ENTRIES PROVIDED below:
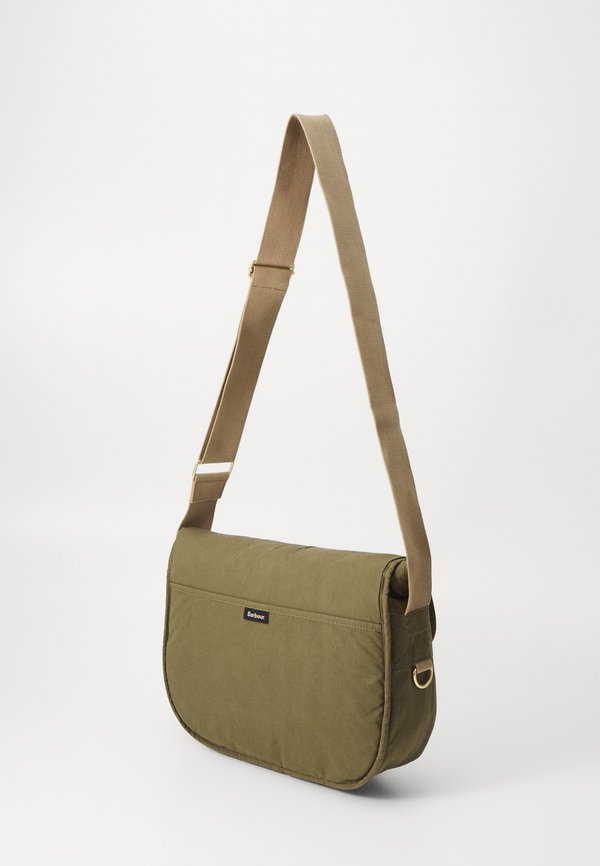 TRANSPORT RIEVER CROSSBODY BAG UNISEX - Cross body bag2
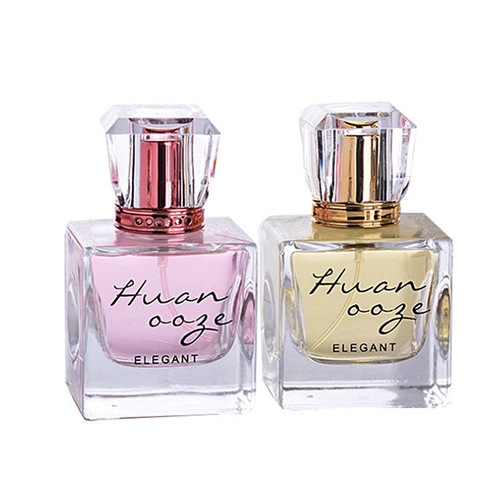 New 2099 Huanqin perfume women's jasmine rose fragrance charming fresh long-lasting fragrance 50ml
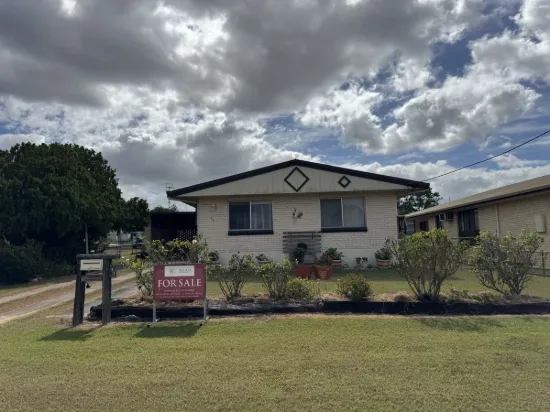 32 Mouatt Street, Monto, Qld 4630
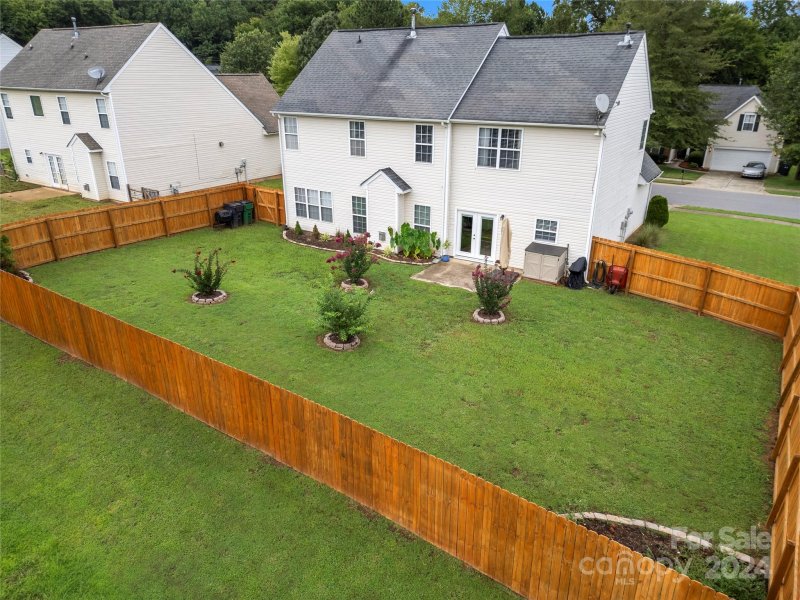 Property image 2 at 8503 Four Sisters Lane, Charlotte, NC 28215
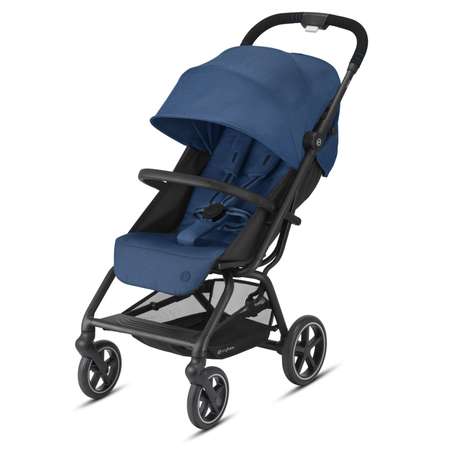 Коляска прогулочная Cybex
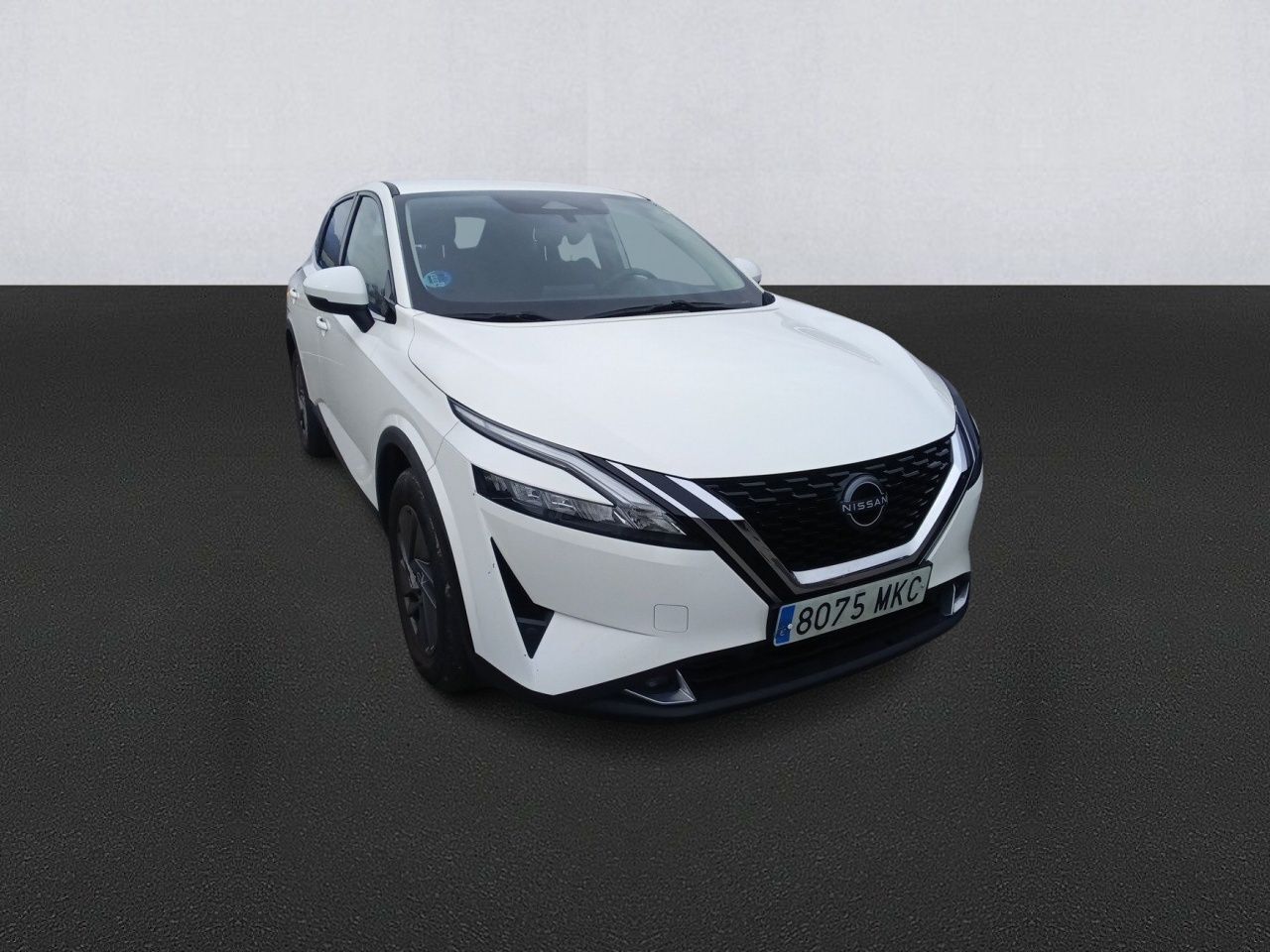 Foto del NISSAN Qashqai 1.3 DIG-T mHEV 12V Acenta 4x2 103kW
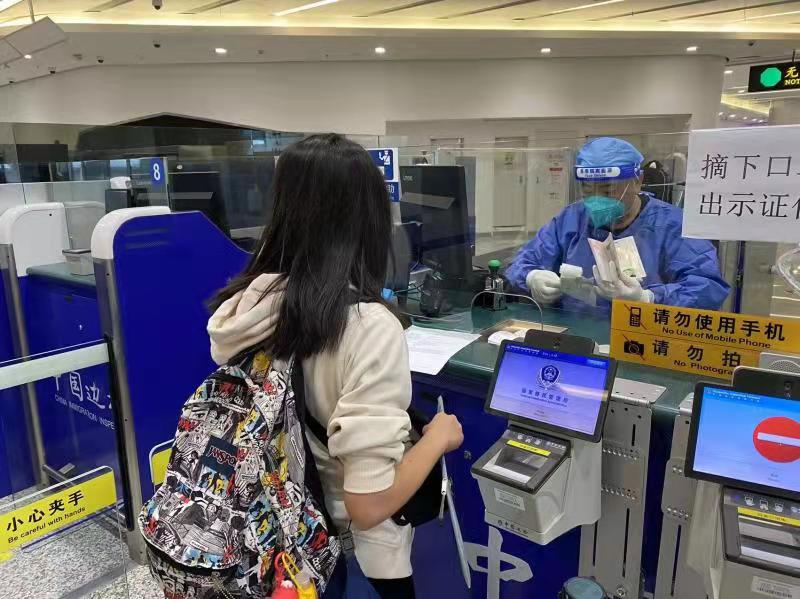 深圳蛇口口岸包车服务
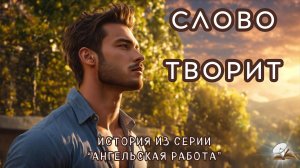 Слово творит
End of ENTRIES PROVIDED.
DIRECTIONS FOR THIS TASK
Your answer must be exactly the lines from the one containing "32 Mouatt Street, Monto, Qld 4630" through the last line of the records above, both included, with every picture left out.

ANSWER TO THIS TASK
 32 Mouatt Street, Monto, Qld 4630
 Property image 2 at 8503 Four Sisters Lane, Charlotte, NC 28215
 Коляска прогулочная Cybex
 Foto del NISSAN Qashqai 1.3 DIG-T mHEV 12V Acenta 4x2 103kW
 深圳蛇口口岸包车服务
 Слово творит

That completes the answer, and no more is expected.